# Plowing around my neighborhood



## Zach (Nov 19, 2008)

This winter I will be getting a snow plow for my ATV and want to plow driveways/sidewalks in my neighborhood for $$$ 

My neighborhood is an upscale developement (avg. lot size ~ 3/4 acre) with driveways Im guessing no more than 50ft long at most, some shorter and usually 2 cars wide...

SO the question is... WHAT IS A GOOD PRICE TO CHARGE??? $20, $30? need opinions


----------



## Woodland (Sep 17, 2005)

Maybe I'm naive but how much snow can you plow with an ATV?? I can't see "upscale" customers paying someone to plow their driveway with one.


----------



## TubedYota (Nov 13, 2008)

Woodland;645742 said:


> Maybe I'm naive but how much snow can you plow with an ATV?? I can't see "upscale" customers paying someone to plow their driveway with one.


When I got mine for my quad I was surprised at how much it can handle.

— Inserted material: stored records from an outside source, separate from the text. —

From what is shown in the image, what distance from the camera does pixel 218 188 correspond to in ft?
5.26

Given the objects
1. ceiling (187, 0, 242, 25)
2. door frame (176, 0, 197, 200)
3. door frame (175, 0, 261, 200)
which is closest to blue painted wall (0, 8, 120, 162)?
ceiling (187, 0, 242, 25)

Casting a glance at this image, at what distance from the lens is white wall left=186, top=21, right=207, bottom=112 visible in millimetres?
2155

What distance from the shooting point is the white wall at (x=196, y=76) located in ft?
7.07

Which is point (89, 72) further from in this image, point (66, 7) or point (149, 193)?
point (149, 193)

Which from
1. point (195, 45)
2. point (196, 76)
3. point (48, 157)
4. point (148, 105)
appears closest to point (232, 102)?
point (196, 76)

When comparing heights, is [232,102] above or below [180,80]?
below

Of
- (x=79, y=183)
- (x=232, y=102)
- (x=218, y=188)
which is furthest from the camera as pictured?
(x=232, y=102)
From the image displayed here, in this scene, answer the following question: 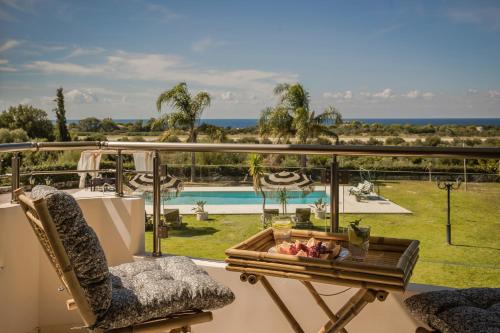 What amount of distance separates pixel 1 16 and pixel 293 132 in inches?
1664

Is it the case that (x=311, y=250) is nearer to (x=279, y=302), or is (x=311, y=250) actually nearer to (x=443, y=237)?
(x=279, y=302)

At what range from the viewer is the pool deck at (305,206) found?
8.49 feet

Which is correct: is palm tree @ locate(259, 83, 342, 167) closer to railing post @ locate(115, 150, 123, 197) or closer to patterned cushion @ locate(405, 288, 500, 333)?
railing post @ locate(115, 150, 123, 197)

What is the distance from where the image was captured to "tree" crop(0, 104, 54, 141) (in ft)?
130

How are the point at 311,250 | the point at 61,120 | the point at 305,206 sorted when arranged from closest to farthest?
the point at 311,250 < the point at 305,206 < the point at 61,120

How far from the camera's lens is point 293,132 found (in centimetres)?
2711

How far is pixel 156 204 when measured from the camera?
281cm

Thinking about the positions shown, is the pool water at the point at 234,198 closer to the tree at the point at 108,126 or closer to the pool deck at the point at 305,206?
the pool deck at the point at 305,206

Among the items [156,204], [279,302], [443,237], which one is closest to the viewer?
[279,302]

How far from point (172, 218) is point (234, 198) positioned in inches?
108

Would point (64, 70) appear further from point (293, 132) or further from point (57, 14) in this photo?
point (293, 132)

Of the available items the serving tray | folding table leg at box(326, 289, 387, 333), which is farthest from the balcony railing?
folding table leg at box(326, 289, 387, 333)

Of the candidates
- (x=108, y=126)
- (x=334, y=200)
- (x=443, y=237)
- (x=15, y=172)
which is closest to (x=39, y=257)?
(x=15, y=172)

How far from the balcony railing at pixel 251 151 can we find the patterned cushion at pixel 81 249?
1008 mm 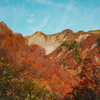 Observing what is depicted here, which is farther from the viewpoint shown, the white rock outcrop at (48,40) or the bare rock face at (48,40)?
the bare rock face at (48,40)

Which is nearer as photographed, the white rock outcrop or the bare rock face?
the white rock outcrop

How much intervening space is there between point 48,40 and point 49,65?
70674 mm

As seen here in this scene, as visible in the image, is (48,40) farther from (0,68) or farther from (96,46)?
(0,68)

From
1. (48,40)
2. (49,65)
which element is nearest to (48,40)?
(48,40)

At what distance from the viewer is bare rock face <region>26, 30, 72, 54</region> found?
10149 centimetres

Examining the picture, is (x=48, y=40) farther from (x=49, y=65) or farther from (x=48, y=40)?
(x=49, y=65)

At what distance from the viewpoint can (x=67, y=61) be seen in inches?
2928

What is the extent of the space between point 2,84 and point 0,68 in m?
1.27

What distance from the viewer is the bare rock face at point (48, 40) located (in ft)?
333

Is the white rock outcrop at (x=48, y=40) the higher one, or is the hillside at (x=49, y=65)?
the white rock outcrop at (x=48, y=40)

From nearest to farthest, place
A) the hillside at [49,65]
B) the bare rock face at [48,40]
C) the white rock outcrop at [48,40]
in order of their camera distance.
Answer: the hillside at [49,65], the white rock outcrop at [48,40], the bare rock face at [48,40]

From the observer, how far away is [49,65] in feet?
141

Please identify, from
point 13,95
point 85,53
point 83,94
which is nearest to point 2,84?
point 13,95

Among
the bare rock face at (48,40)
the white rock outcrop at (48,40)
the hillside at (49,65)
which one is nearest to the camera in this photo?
the hillside at (49,65) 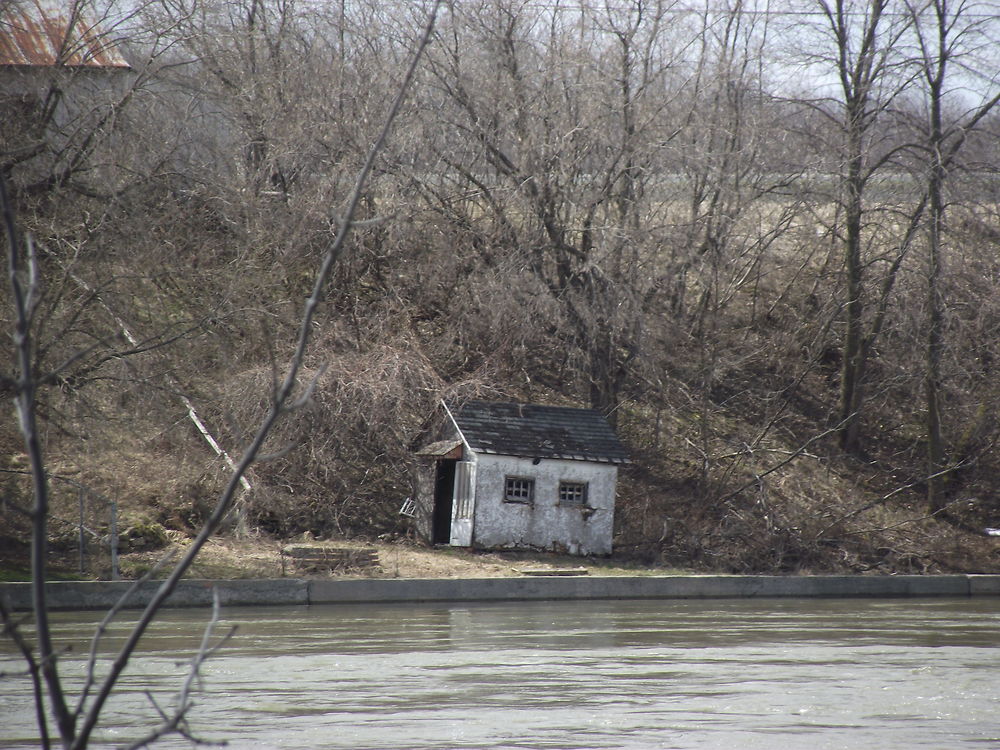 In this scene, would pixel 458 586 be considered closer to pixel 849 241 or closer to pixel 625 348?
pixel 625 348

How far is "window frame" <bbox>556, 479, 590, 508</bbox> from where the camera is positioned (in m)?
23.2

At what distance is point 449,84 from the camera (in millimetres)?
27688

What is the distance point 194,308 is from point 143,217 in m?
2.83

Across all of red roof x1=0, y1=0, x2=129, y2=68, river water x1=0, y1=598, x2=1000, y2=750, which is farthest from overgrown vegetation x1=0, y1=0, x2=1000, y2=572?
river water x1=0, y1=598, x2=1000, y2=750

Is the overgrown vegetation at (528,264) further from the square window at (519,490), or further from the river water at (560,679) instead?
the river water at (560,679)

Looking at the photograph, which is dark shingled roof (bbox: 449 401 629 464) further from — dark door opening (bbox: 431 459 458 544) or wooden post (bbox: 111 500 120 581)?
wooden post (bbox: 111 500 120 581)

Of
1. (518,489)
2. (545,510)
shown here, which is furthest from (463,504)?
(545,510)

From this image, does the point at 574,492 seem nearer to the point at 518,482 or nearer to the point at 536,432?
the point at 518,482

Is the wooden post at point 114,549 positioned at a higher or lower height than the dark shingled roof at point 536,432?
lower

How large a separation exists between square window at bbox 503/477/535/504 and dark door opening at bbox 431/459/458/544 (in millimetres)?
1210

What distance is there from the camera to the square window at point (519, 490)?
22.9 m

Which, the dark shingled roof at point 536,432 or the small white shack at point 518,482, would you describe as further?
the dark shingled roof at point 536,432

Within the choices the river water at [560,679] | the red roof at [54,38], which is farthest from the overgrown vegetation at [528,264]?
the river water at [560,679]

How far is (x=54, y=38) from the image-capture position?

I have a 60" plow with a wing on my '00 Grizzly.


----------



## Zach (Nov 19, 2008)

Hell I live in ohio, 4-5 inches is a blizzard!


----------



## Woodland (Sep 17, 2005)

Zach;646167 said:


> Hell I live in ohio, 4-5 inches is a blizzard!


Sorry, I didn't realize. Around here we call that flurries.


----------



## Zach (Nov 19, 2008)

LOL yeah... Im somewhat new to this Ohio B.S. ayway, what do you think a good price would be? (or at least in the ballpark)


----------



## grasskeepers (Aug 9, 2008)

i use a z turn mower with a 46 in blade. i charge 200 a month for upto 20 events. here the average is 10 events a month, this includes sidewalk drive and front and back door


----------



## Superior L & L (Oct 6, 2006)

grasskeepers;673898 said:


> i use a z turn mower with a 46 in blade. i charge 200 a month for upto 20 events. here the average is 10 events a month, this includes sidewalk drive and front and back door


10 events a month holly crap!


----------



## KGRlandscapeing (May 2, 2007)

Zach;646167 said:


> Hell I live in ohio, 4-5 inches is a blizzard!


Sorry i am from ohio even at 23 inchs in 3 days last winter things went on like buissness as usual. Though i see up wards of 100 inchs every year.


----------



## Zach (Nov 19, 2008)

sorry, Im comparing _southern_ Ohio to New England (where I used to live) soooo Im a little disapointed


----------



## Joesno (Dec 8, 2008)

I Plow and shovel all sidewalks for :smallest drive way 25$ biggest with a turn around and back drive way 50$.


----------



## Zach (Nov 19, 2008)

Joesno;677142 said:


> I Plow and shovel all sidewalks for :smallest drive way 25$ biggest with a turn around and back drive way 50$.


Thats what Im thinking


----------